As construction progresses, there is a need for other products such as AAC blocks, plumbing, tiles, sanitaryware, paint, plywood, and electricals. The company’s in-house technology captures the project’s progress at each stage, enabling seamless handoff across business verticals. 

“Our platform fosters strong customer relationships, which leads to a higher wallet share across projects. Additionally, our dealers benefit from improved ROI, as they serve more diverse project leads,” says Sharda. 

Growth and expansion

In FY24, the company’s revenue from operations grew 23% to Rs 14,530 crore from Rs 11,847 crore in FY23, while profit after tax rose to Rs 378 crore in FY24 from Rs 155 crore in FY23.

According to sources, the company aims to achieve a revenue of Rs 18,000 crore, an EBITDA of Rs 1,500 crore, and a net profit of Rs 500 crore in FY25.

This growth will continue to be driven by private-label manufacturing, says Sharda. 

“Our shift to private-label manufacturing has boosted margins and profitability. Two-thirds of sales come from our brands, with 60% fully manufactured by us, supporting major infrastructure projects. As private-label sales nearly double, we are expanding into Tier II and III cities to enhance brand visibility and wallet share.”

Infra.Market’s expansion in the market has also been driven by strategic acquisitions.

RDC Concrete, which the company acquired for Rs 730 crore in 2021, is a top revenue contributor today, accounting for 31% of total earnings. Last year, Infra.Market raised $20 million from investors, including Nikhil Kamath, by selling a minority stake in RDC Concrete.

A Rs 270-crore investment for a minority stake in 2022 in Shalimar Paints has now grown into a majority stake with 53% ownership, and a revenue projection of Rs 740 crore in FY25. 

Last year, Infra.Market acquired a 57% stake in Emcer Tiles, thus expanding into the tiles and bath fittings segment. 

Automation at the core

Infra.Market has integrated AI-driven automation into its supply chain and manufacturing processes to ensure precise demand planning, quality control, pricing transparency, and supply predictability—critical elements for timely project completion.
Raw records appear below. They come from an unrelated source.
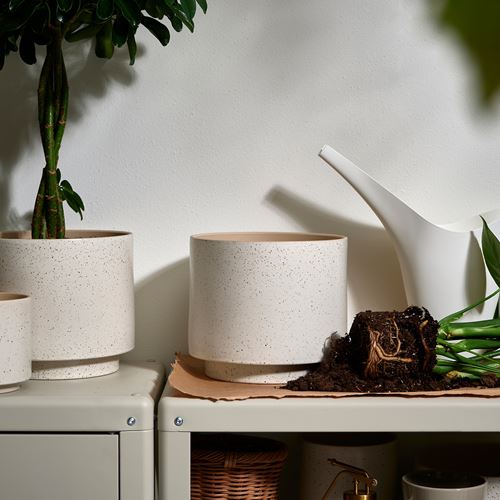 IKEA - SANDKÖRSBAR, stoneware plant pot, beige, 19 cm
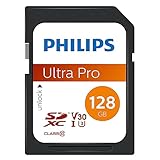 Philips Ultra Pro SDXC Card 128 GB UHS-I U3, Lesegeschwindigkeit bis zu 100 MB/s, V30,...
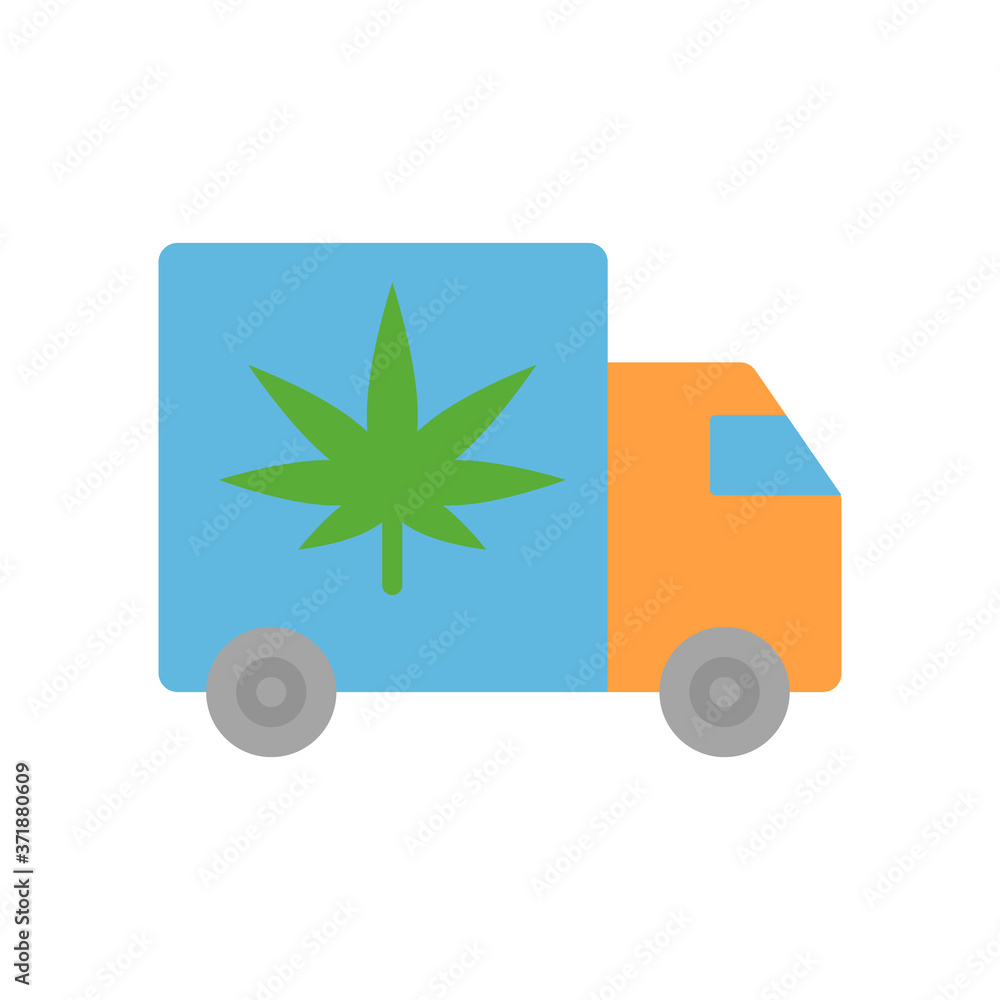 Aufkleber marijuana track icon. simple color vector elements of herbal drugs icons for ui and ux, website or m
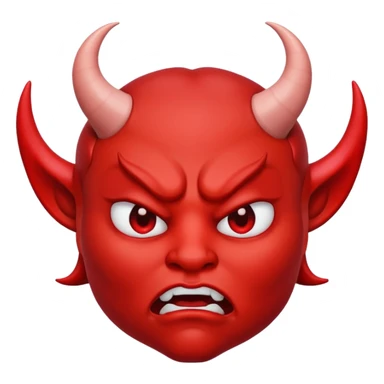 Devil emoji with pouting lips sticker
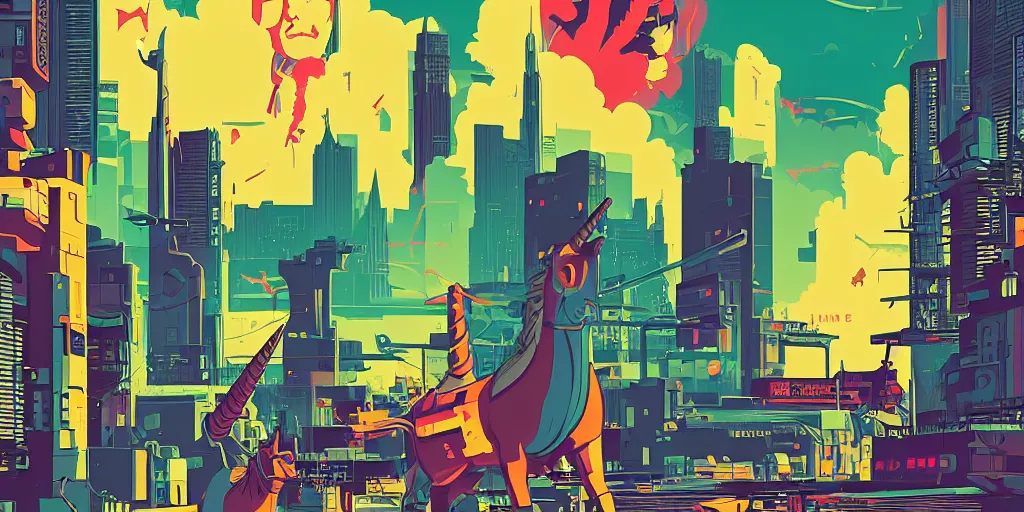 Image similar to unicorn in a futuristic cyberpunk town. By Tom Whalen, highly detailed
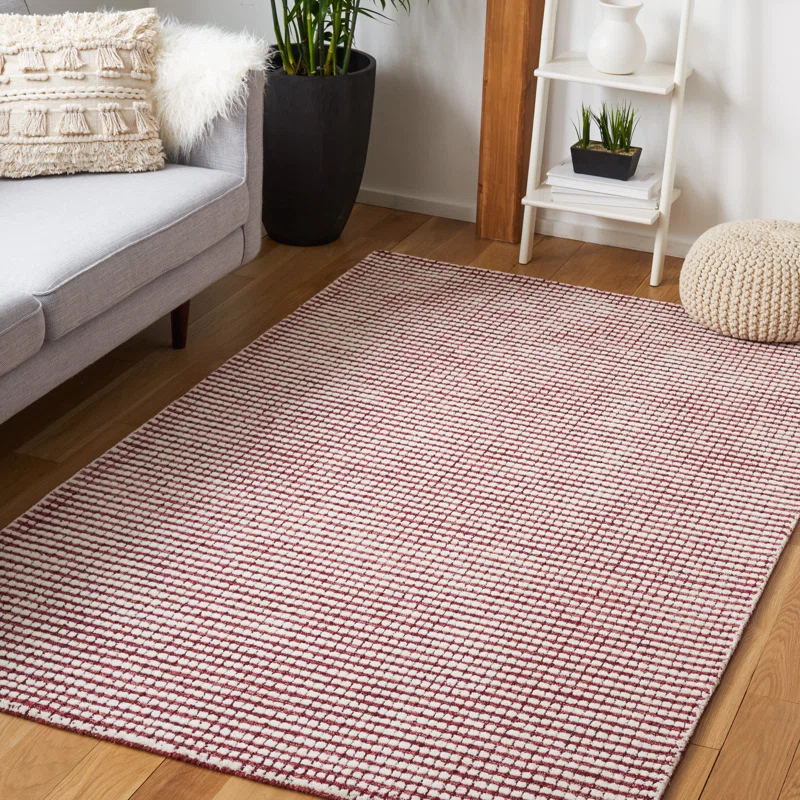 Abstract Hand Tufted Wool Checkered Rug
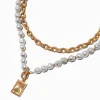 Claire's Colliers-Collier multi-rangs chaîne perle d'imitation couleur dorée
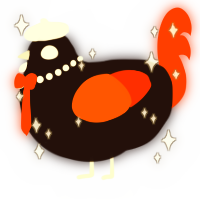 A sable and vermilion chicken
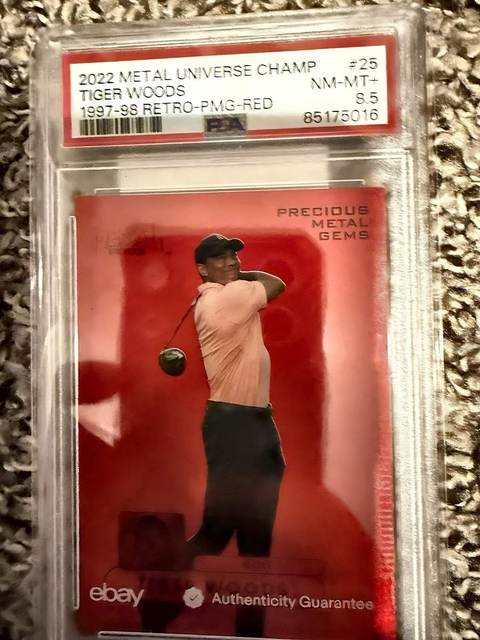 Tiger Woods 2022 Metal Universe Champions - PSA 8.5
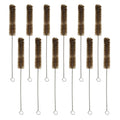 12PK Bristle Cleaning Brushes with Fan-Shaped Ends, 9.25" - Twisted Stainless Steel Wire Handle - Ideal for 0.3" - 0.5" Tubes, Bottles, Cylinders, Flasks, Straws -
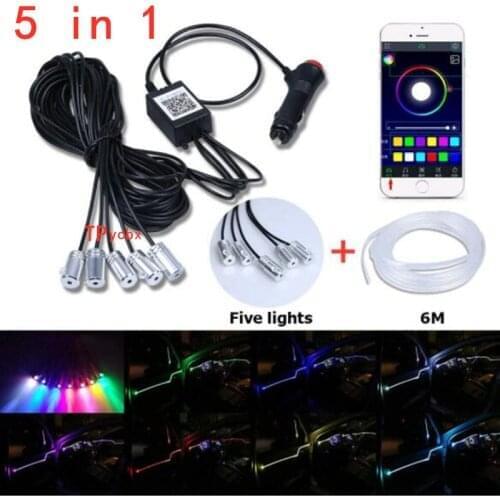 5 in 1 Fiber Optic Atmosphere Lamps Ambient Lamp App Control 6 Meter Car Interior Light Remote Control RGB Auto Decorative Light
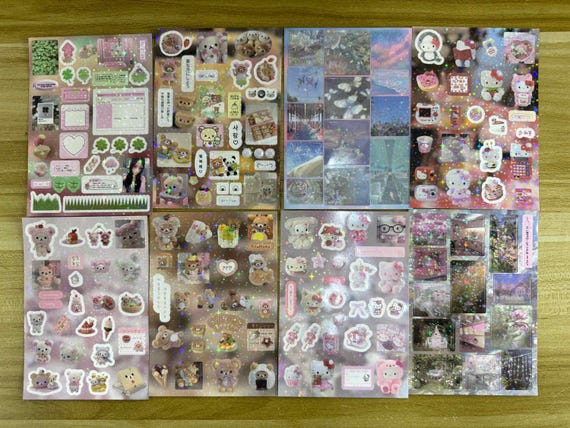 Cute Kawaii Stickers Set (8 Pieces) – Adorable Cartoon Stickers for Journals, Planners & Scrapbooks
The company’s digital infrastructure streamlines production workflows, manages third-party manufacturing units, and optimises supply chain logistics. AI-driven insights improve cross-selling and upselling opportunities with existing customers. 
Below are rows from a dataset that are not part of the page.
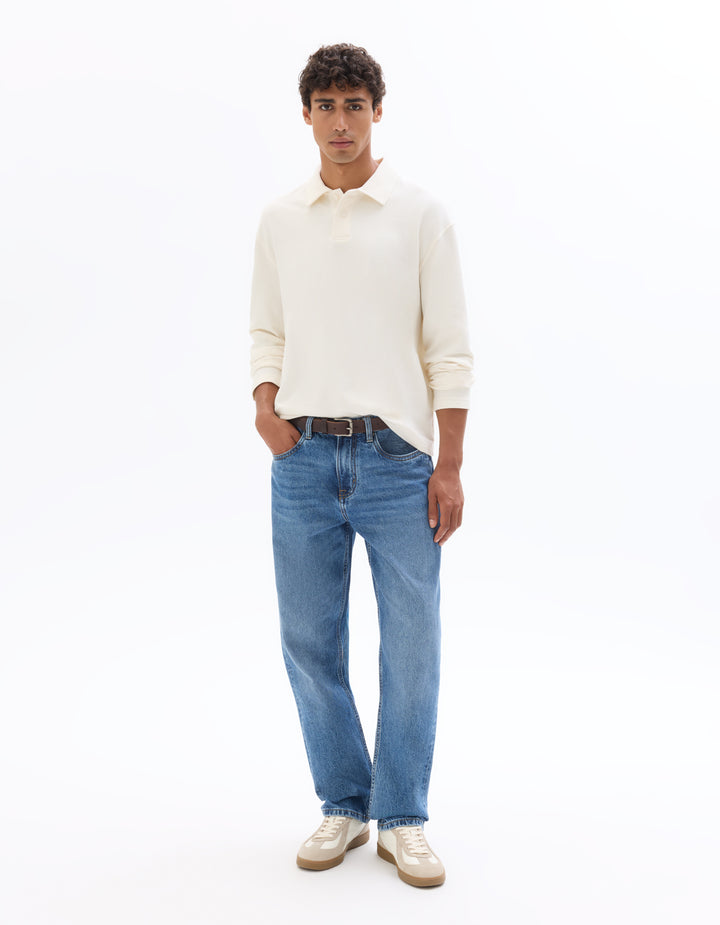 Men - Knitted - Polo Shirt - Long sleeves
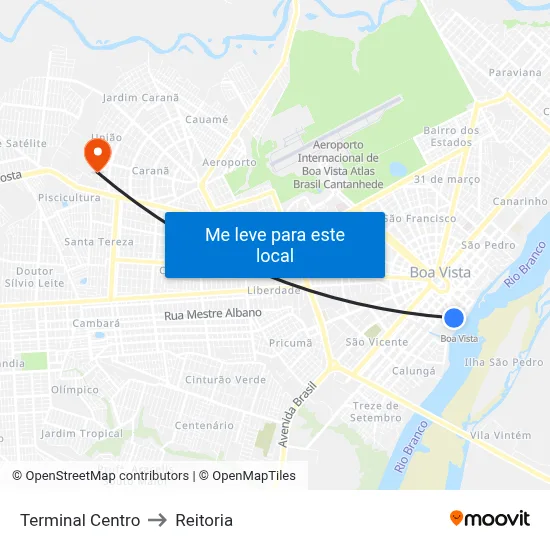 Terminal Centro to Reitoria map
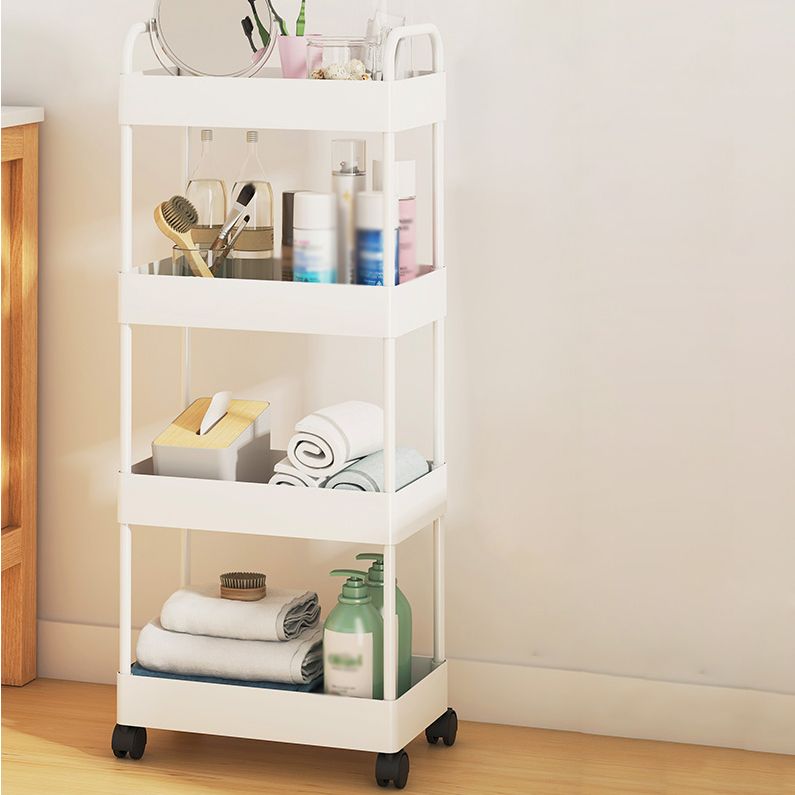 Modern Open Etagere Bookshelf Metal Frame Plastic Shelf Bookshelf with Caster Wheels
The technology effort is driven by a team of 150 members, led by Satya Kaliki, who has experience building scalable tech platforms. 

“Automation is at our core, enabling us to scale efficiently while maintaining profitability and reliability. By leveraging AI, IoT, and a robust data infrastructure, we boost operational efficiency and minimise waste,” says Kaliki. 
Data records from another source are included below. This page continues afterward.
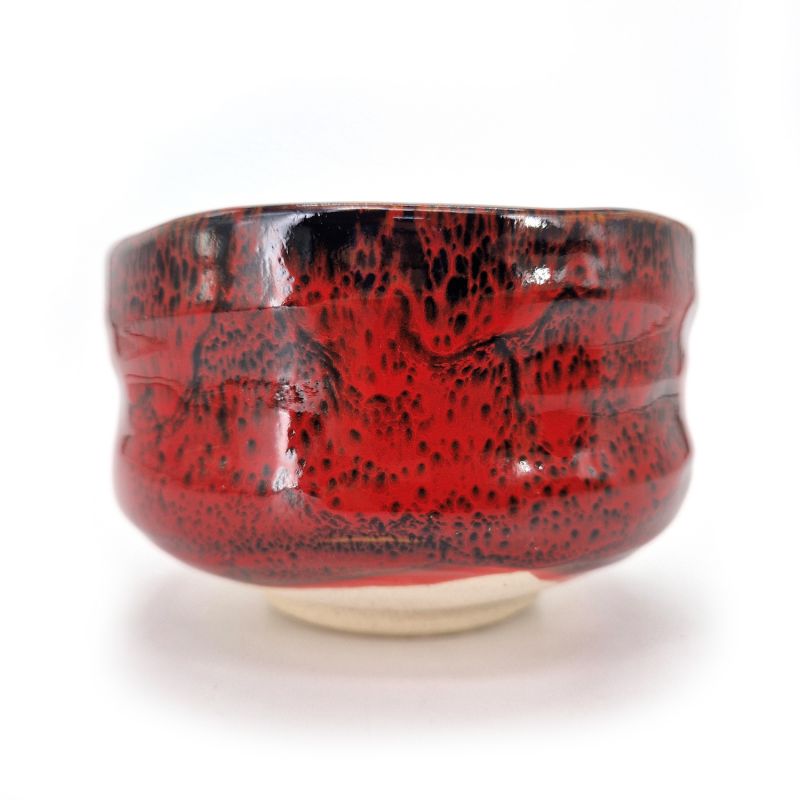 Ciotola in ceramica per cerimonia del tè, rosso e nero, riflesso argento - RANDAMU 1
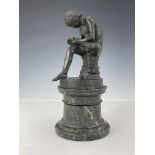 A 19th century bronze, Spinario, after the Roman classical example, modelled as a boy with thorn,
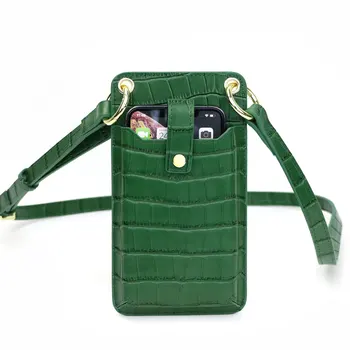 La moda de cocodrilo patrón de cuero Mini bolso de hombro de las mujeres del teléfono móvil de la bolsa para el Iphone 11 pro max de teléfono de la cartera de la cruz bolsa de cuerpo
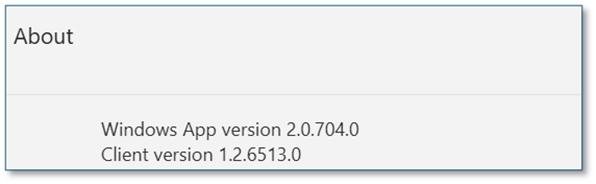 Screenshot that shows the Windows App version.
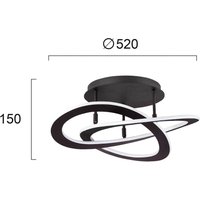 Viokef Plafonnier LED Charlie, Ø 52 cm, noir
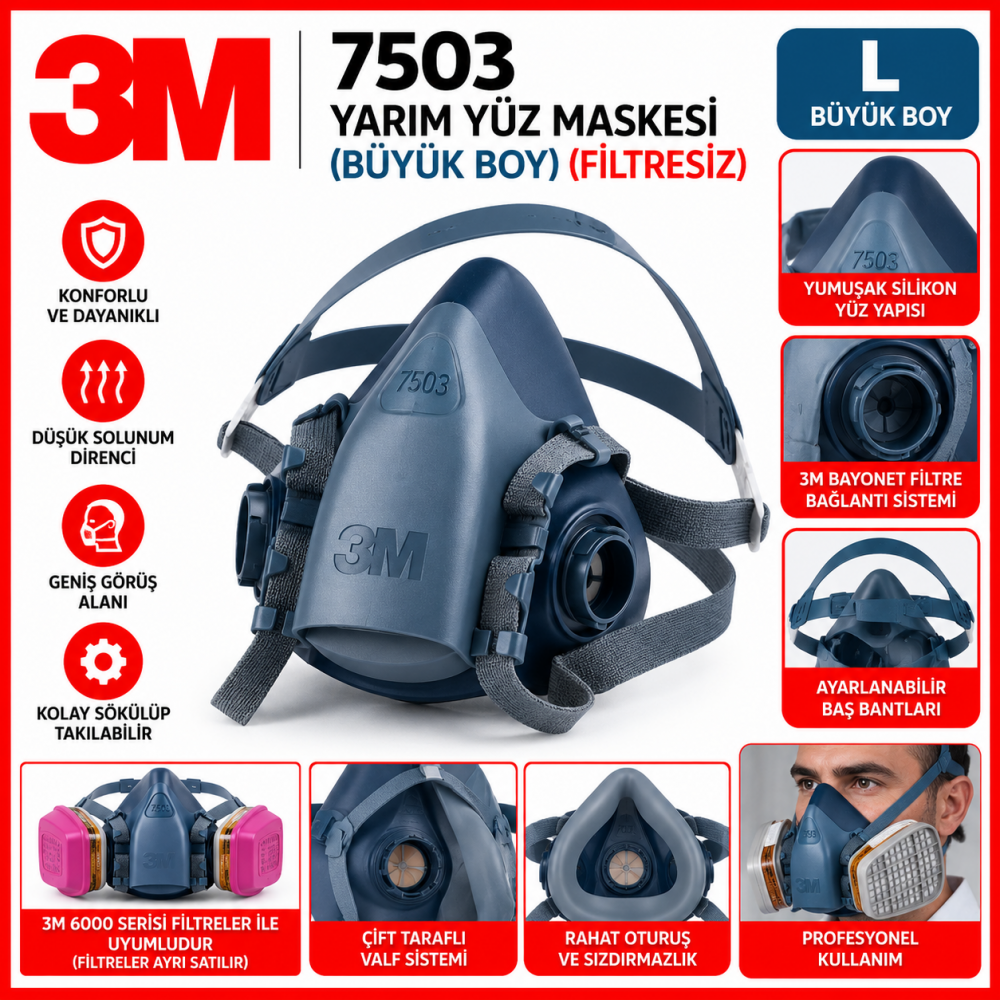 3M 7503 Yarım Yüz Maskesi (Büyük Boy) (Filtresiz)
“Our cloud-based platform connects individuals and partners across the ecosystem, embedding intelligence into every process,” he adds. 

Road to IPO

As InfraMarket prepares for its next growth phase, it is looking to explore various fundraising avenues, including an IPO. 

“We are building India’s first multi-product, multi-channel building materials platform, offering a one-stop solution for infrastructure projects, builders, and dealers. Our model is based on increasing wallet share from existing projects—an approach we believe will drive investor confidence as we move closer to our IPO,” says Sharda.

The construction industry is a capital-intensive business with long payment cycles and high credit risks. 

Commenting on these challenges, Sharda says, “Managing cash flow and delayed payments is crucial as we scale. We’re enhancing financing options and exploring capital markets while staying committed to efficiency and customer value.”

The company’s recent $120-million pre-IPO funding round highlights its intent to strengthen its balance sheet and enhance working capital.

“Our focus remains on strengthening the cap table, and new investors like Nikhil Kamath and Ashish Kacholia coming on board reinstates the strength of our business model and future growth opportunities for the organisation. 

“The valuation has got enhanced, and new equity capital strengthens the balance sheet. Proceeds would be largely used to pay off debts and for business expansion,” signs off Sharda.